** BRIEF **
Once the line holding "VENTA DEPARTAMENTO 4" is found, output it and all remaining lines of the data exactly, with every picture left out.

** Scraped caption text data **
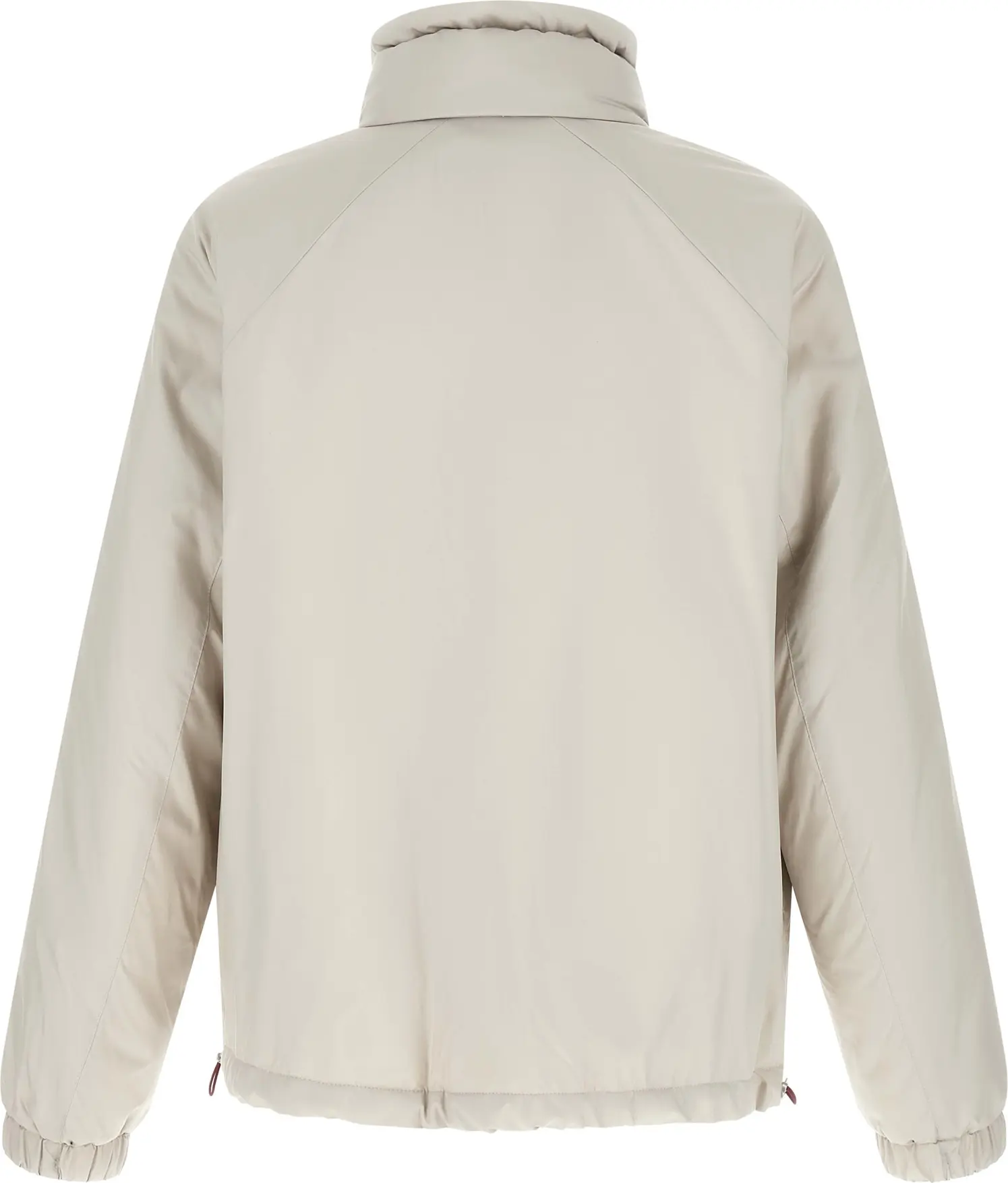 Shell Jacket Brunello Cucinelli
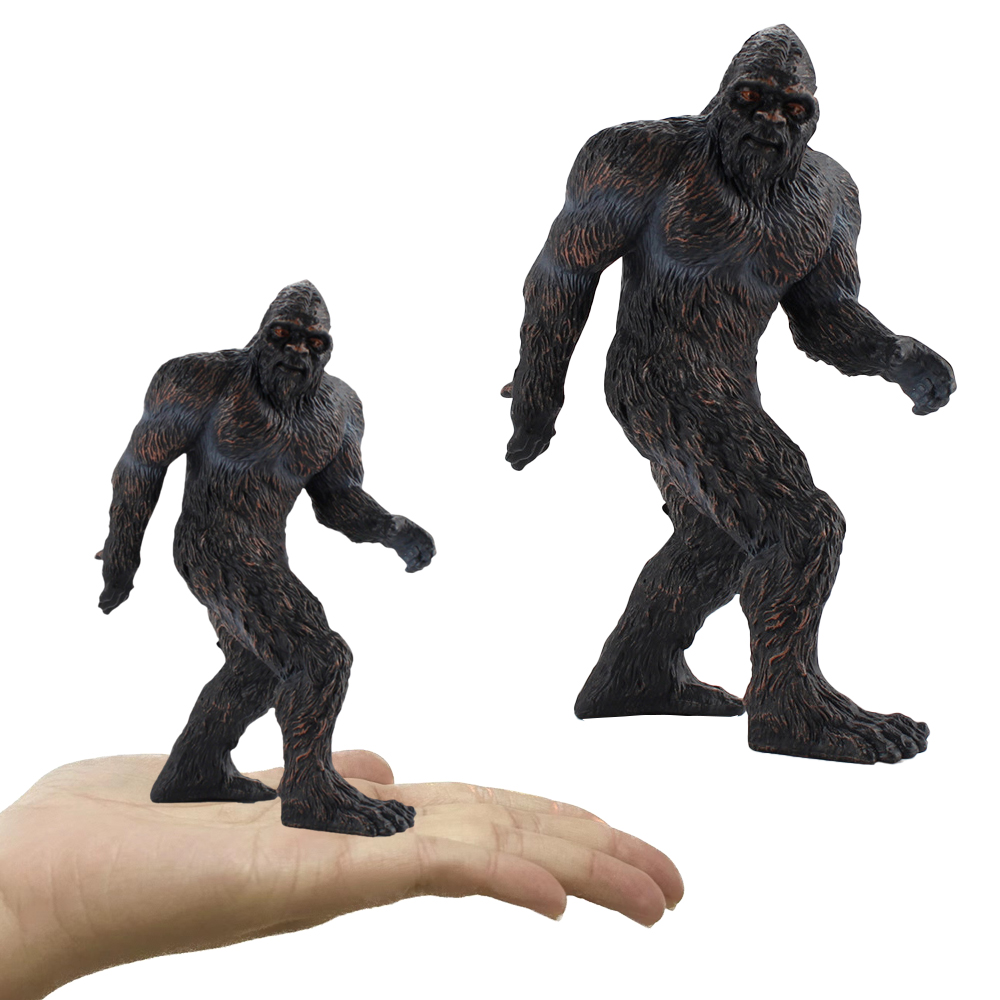 Wild Man Model Toys Ape Man Fi - Kids Toys Under 200 review and price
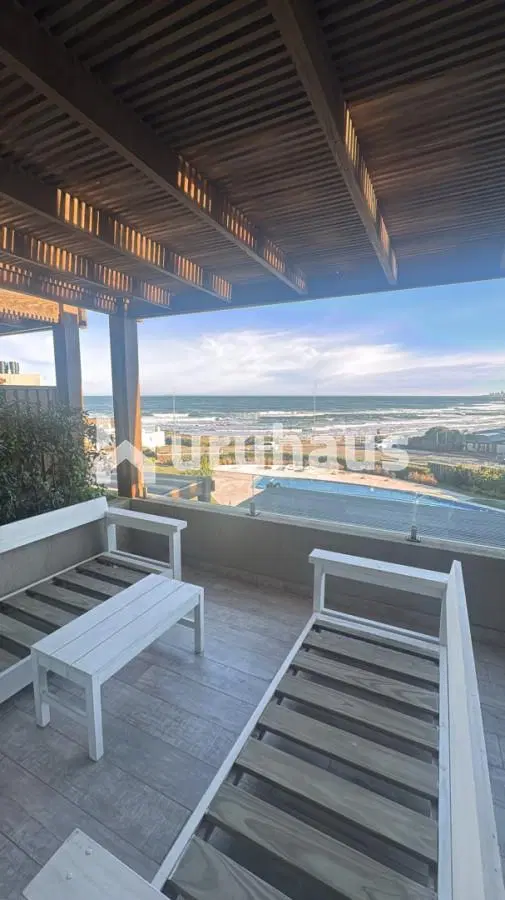 VENTA DEPARTAMENTO 4 DORMITORIOS LA BARRA PALCOS DE LA POSTA 4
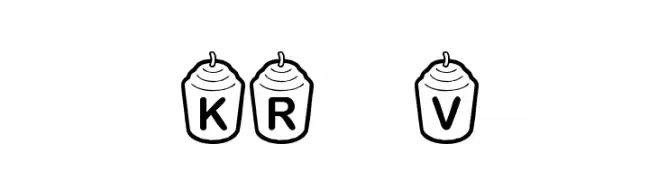 KR Votive  Descarca Fonturi Gratis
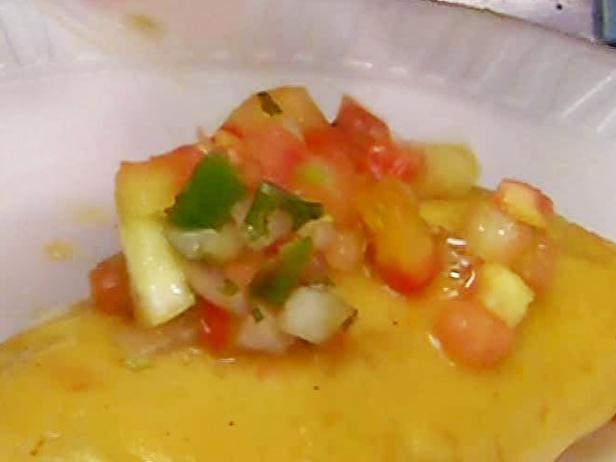 Pico de Gallo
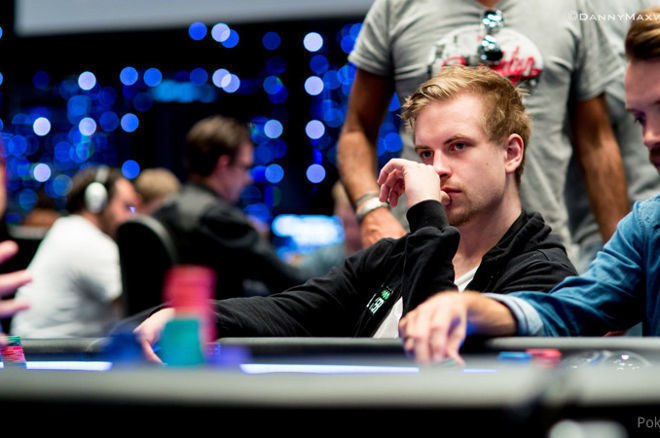 виктор блум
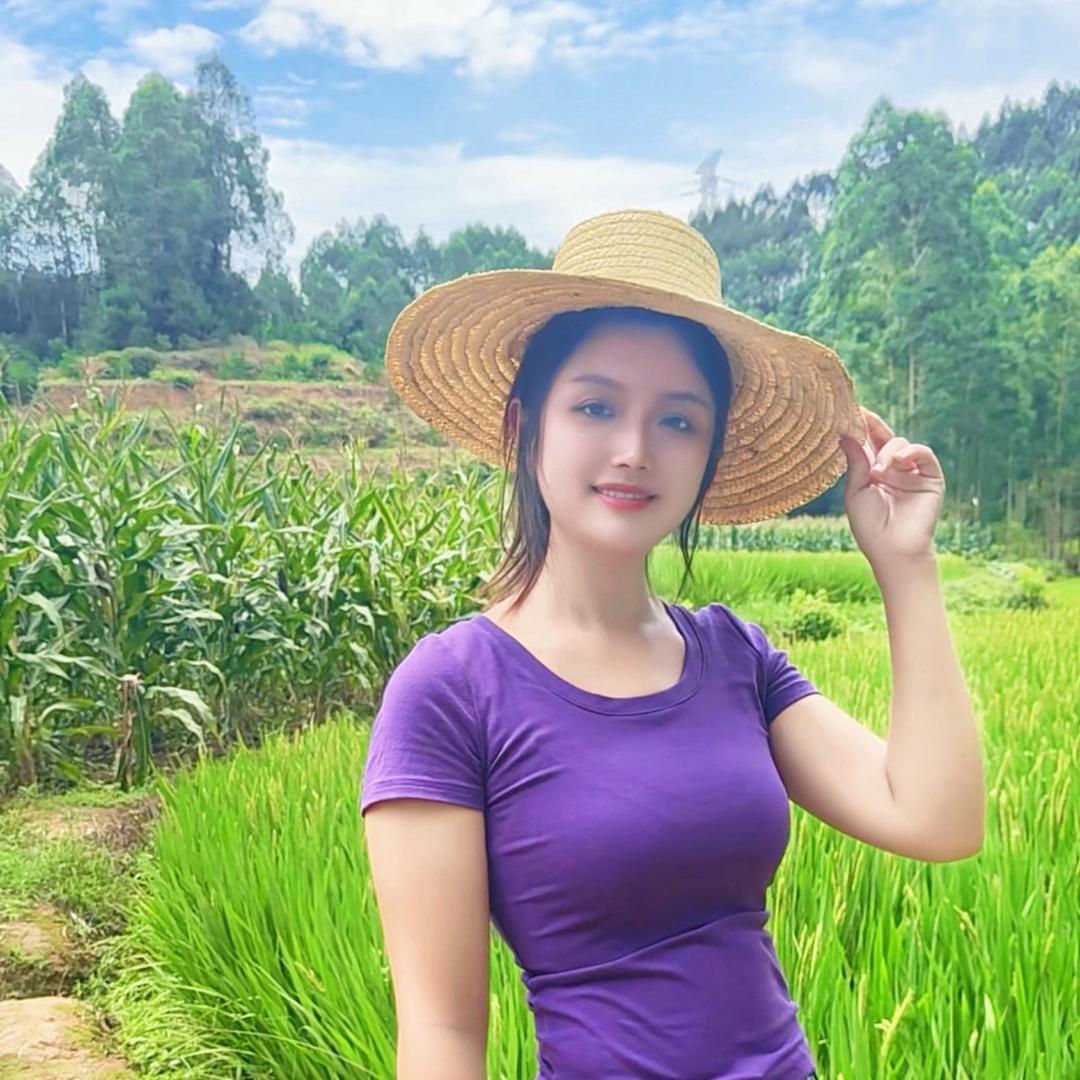 农村小幺妹儿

** RESPONSE TO THE EXERCISE **
 VENTA DEPARTAMENTO 4 DORMITORIOS LA BARRA PALCOS DE LA POSTA 4
 KR Votive  Descarca Fonturi Gratis
 Pico de Gallo
 виктор блум
 农村小幺妹儿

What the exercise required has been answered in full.